### [The input]
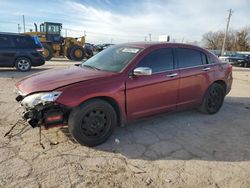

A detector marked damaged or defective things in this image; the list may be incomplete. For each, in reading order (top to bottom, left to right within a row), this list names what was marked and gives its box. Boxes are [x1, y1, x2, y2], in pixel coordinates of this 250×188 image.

broken headlight assembly [20, 91, 61, 108]
damaged front bumper [16, 93, 69, 129]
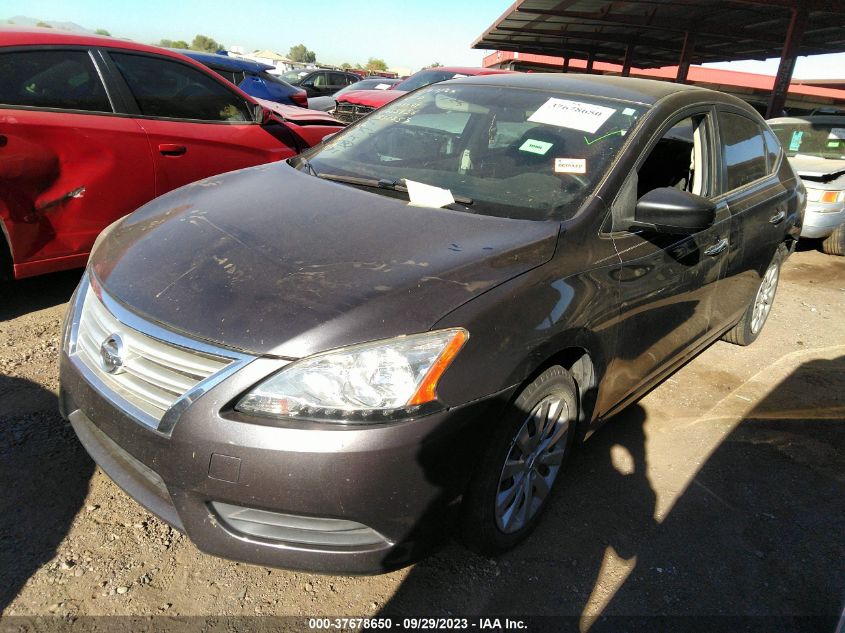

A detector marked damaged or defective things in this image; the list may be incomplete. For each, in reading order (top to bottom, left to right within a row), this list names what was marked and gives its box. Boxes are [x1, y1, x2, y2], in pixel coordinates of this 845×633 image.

dented red door [0, 108, 155, 276]
damaged red car [0, 29, 342, 276]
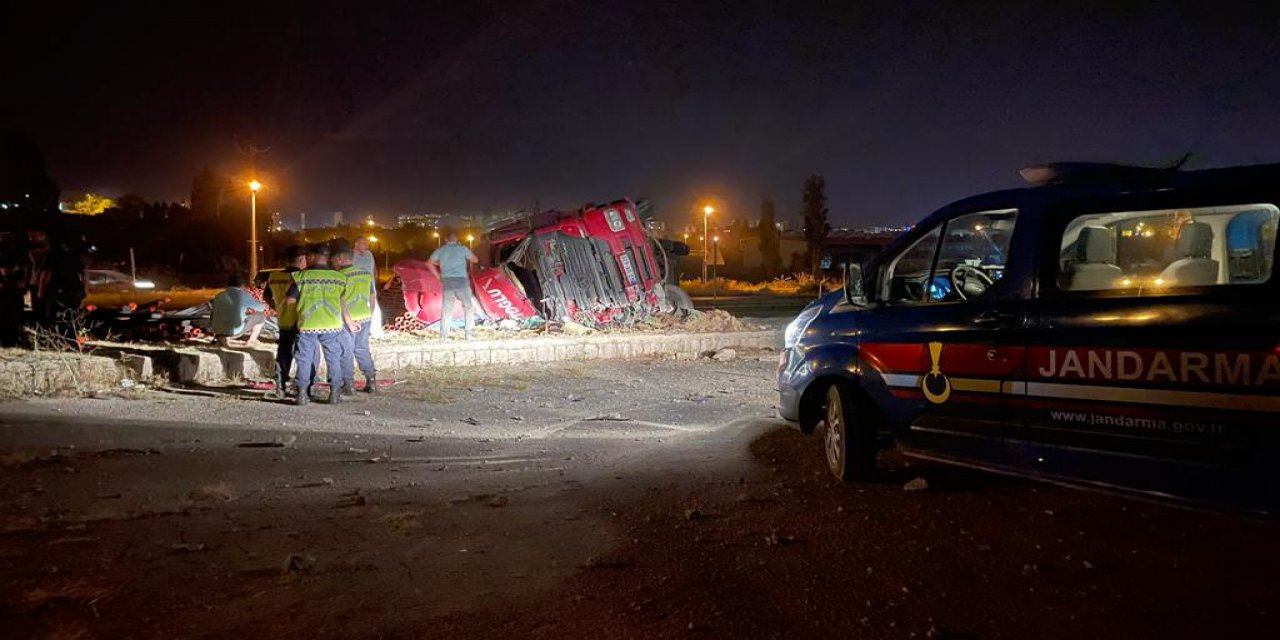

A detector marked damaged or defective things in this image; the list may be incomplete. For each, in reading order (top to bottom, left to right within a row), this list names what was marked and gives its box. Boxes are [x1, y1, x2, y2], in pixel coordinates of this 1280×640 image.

overturned red truck [386, 198, 691, 330]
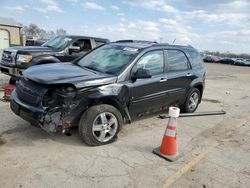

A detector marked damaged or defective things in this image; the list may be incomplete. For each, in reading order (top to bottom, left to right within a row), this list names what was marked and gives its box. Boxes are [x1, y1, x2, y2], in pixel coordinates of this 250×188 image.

damaged black suv [10, 40, 205, 146]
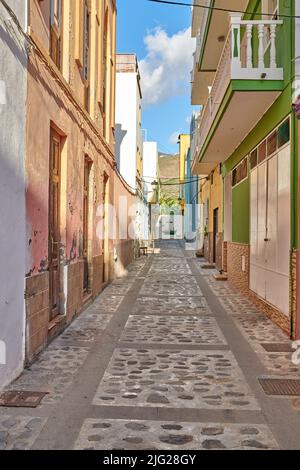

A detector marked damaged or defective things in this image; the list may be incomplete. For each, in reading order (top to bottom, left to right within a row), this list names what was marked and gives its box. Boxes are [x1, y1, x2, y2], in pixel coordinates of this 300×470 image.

peeling plaster wall [0, 0, 27, 390]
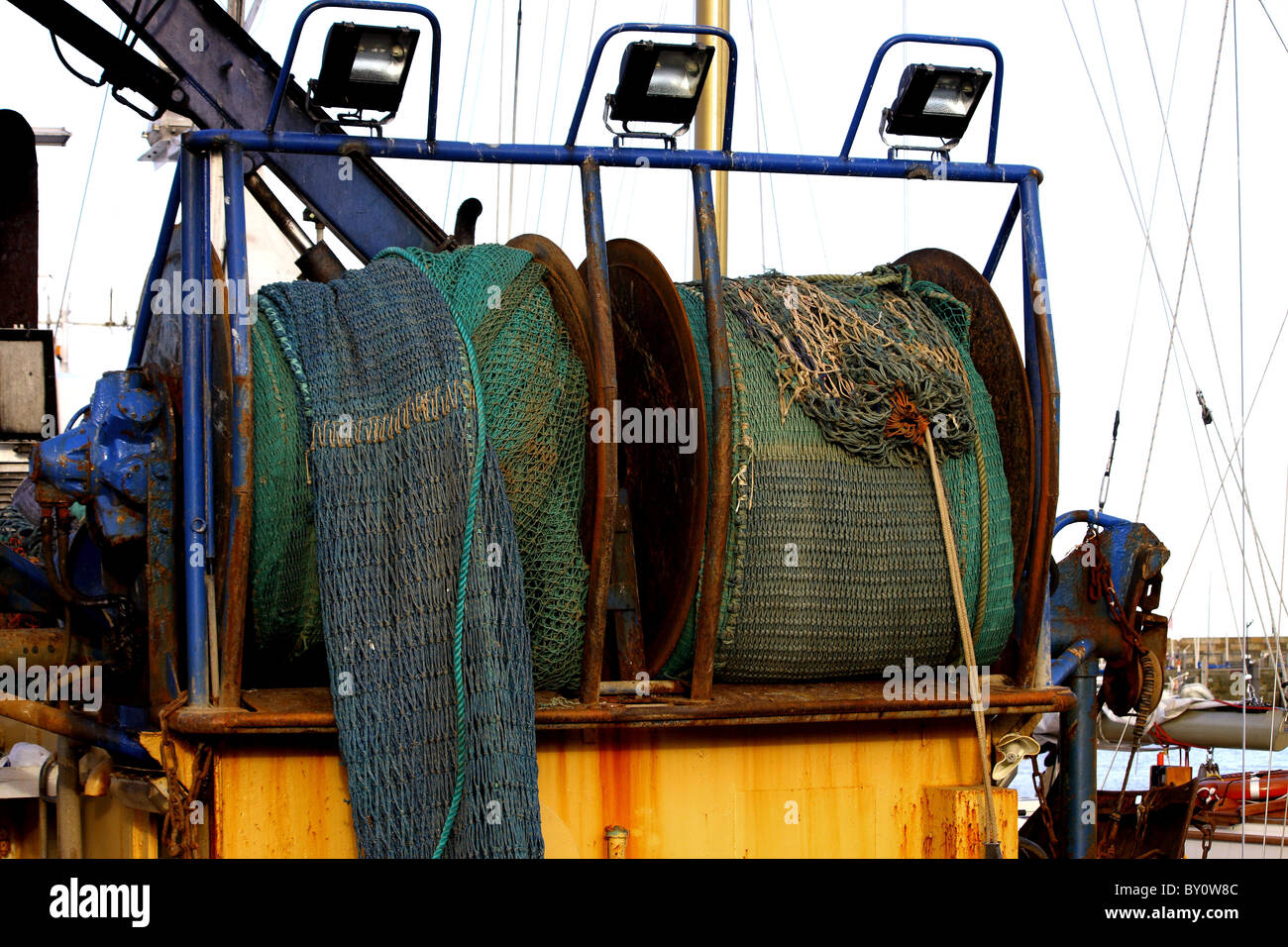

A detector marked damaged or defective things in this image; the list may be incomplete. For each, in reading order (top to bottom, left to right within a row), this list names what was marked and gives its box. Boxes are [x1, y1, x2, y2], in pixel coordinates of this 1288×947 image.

rusty metal surface [582, 241, 710, 680]
rusty metal surface [896, 246, 1035, 584]
rusty yellow panel [213, 742, 361, 860]
rusty yellow panel [926, 783, 1015, 860]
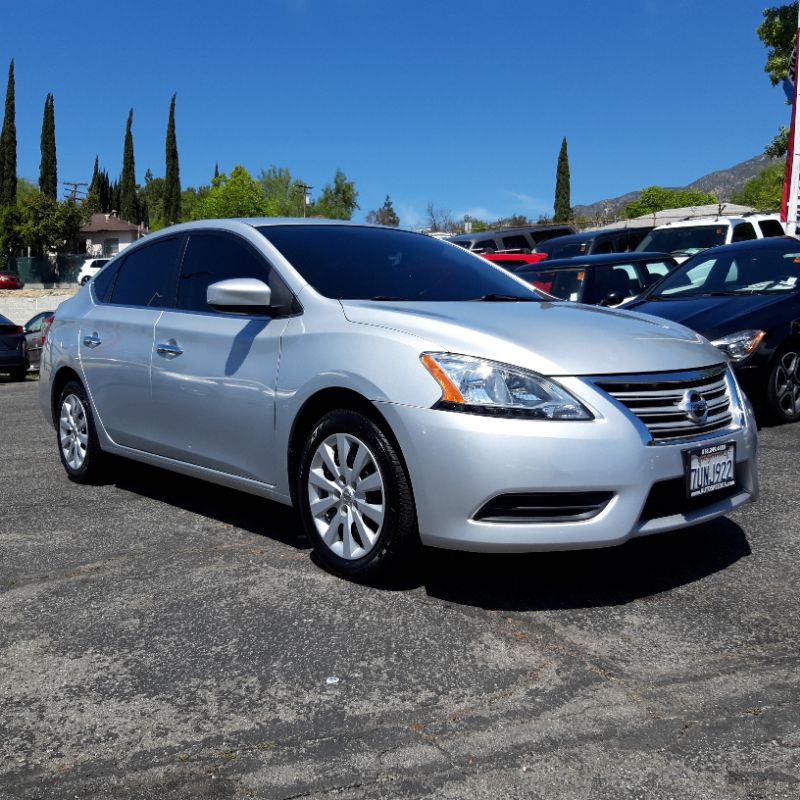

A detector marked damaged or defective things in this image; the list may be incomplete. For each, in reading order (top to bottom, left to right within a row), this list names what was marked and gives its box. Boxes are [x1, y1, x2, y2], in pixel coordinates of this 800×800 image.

cracked asphalt [1, 376, 800, 800]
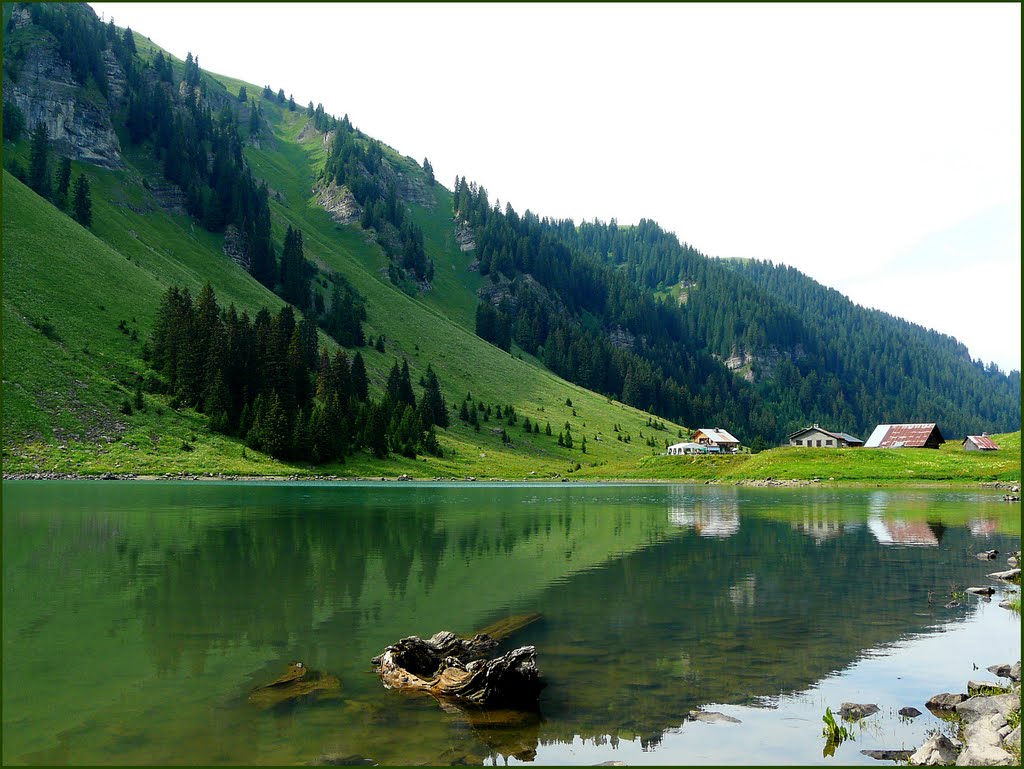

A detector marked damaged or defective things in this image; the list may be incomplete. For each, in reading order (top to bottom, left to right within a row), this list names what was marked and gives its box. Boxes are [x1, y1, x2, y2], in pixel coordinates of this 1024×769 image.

rusty metal roof [864, 423, 942, 448]
rusty metal roof [958, 434, 999, 450]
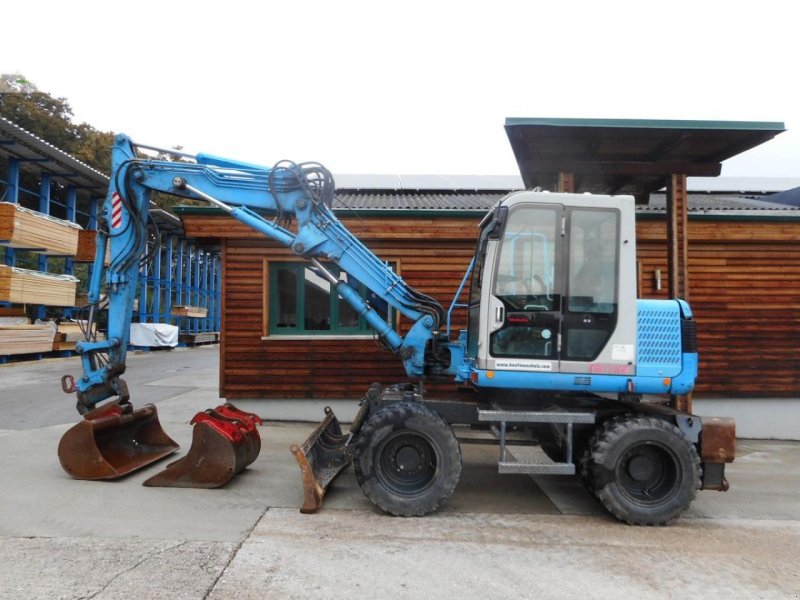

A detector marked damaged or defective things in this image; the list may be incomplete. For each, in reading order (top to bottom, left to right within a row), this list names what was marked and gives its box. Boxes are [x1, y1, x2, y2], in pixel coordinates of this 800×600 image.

rusty digging bucket [57, 400, 180, 480]
rusty digging bucket [140, 404, 260, 488]
rusty digging bucket [288, 406, 350, 512]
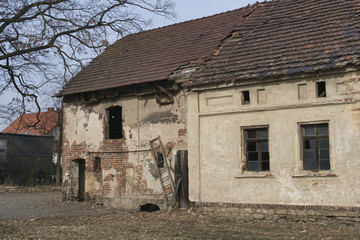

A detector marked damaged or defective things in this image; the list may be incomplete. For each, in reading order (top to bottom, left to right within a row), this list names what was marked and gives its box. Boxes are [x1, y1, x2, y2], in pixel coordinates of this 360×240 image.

broken window [107, 106, 123, 139]
broken window [243, 127, 268, 171]
broken window [300, 124, 330, 171]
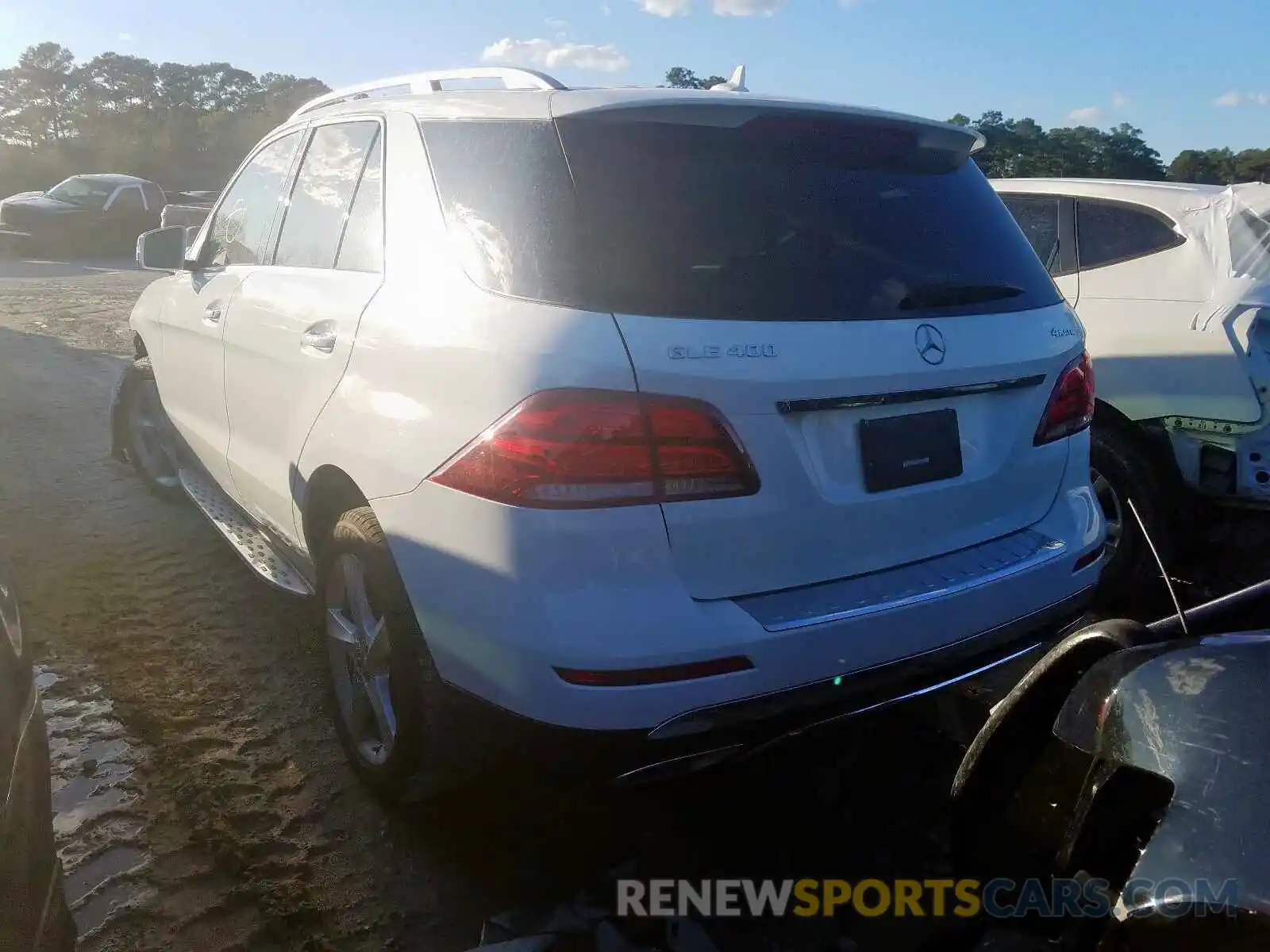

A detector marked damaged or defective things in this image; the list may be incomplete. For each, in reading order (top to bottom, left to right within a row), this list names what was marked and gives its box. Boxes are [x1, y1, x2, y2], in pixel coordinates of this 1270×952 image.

damaged vehicle [0, 174, 165, 257]
damaged vehicle [112, 65, 1099, 797]
damaged vehicle [997, 179, 1270, 597]
damaged vehicle [946, 568, 1270, 946]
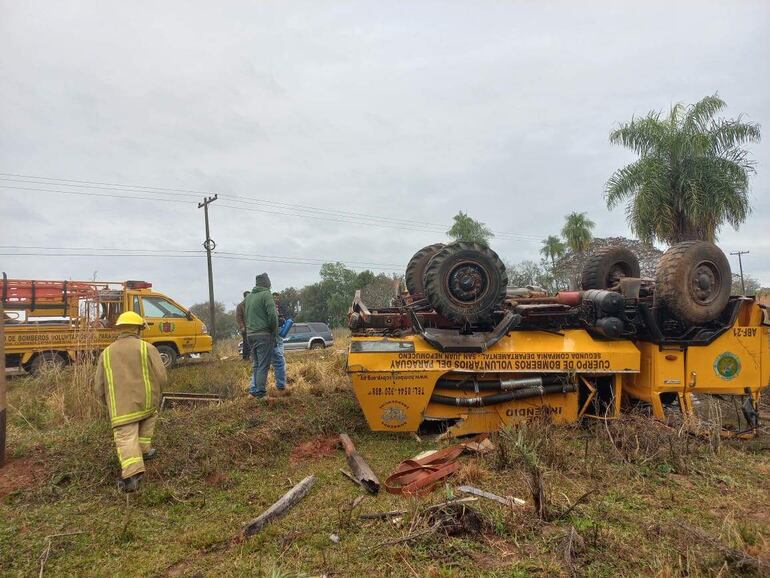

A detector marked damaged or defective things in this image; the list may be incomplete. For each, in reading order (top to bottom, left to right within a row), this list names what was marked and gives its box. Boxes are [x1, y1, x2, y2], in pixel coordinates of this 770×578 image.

overturned yellow fire truck [346, 241, 760, 434]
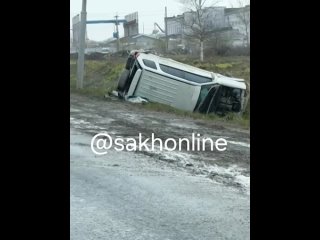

### [Assigned task]
Beginning with the line that contains "this 800×600 image." and ending with the last line of the data above, output those lines exactly and nothing more, without any pictures.

### [Answer below]
A detector marked damaged or defective things in this image; the list may be incomplete. For each, in reading order (top to bottom, left to right within a row), this list names what was marked and gives its box. Boxes are [x1, y1, x2, y2], in pixel coordinates of this 800×600 image.

rusty digging bucket [57, 400, 180, 480]
rusty digging bucket [140, 404, 260, 488]
rusty digging bucket [288, 406, 350, 512]

A detector marked damaged or defective things in this image; the list may be incomplete. For each, in reading order (top to bottom, left to right within a row), this list names what was marked and gives its box. Boxes are [x1, y1, x2, y2], in pixel coordinates of this 360×240 image.

broken window [107, 106, 123, 139]
broken window [243, 127, 268, 171]
broken window [300, 124, 330, 171]

A detector marked damaged or defective things in this image; the list may be incomplete. For each, in reading order (top to bottom, left to right within a row), this list names what was marked and gives its box. Boxes are [x1, y1, x2, y2], in pixel coordinates of this 1270×952 image.

damaged vehicle [0, 174, 165, 257]
damaged vehicle [112, 65, 1099, 797]
damaged vehicle [997, 179, 1270, 597]
damaged vehicle [946, 568, 1270, 946]

A detector marked damaged or defective things in this image; the list may be incomplete. For each, in reading order (top to bottom, left to right within a row), this list names what was marked and gives its box. Boxes are [x1, y1, x2, y2], in pixel coordinates of this 770×578 image.

overturned yellow fire truck [346, 241, 760, 434]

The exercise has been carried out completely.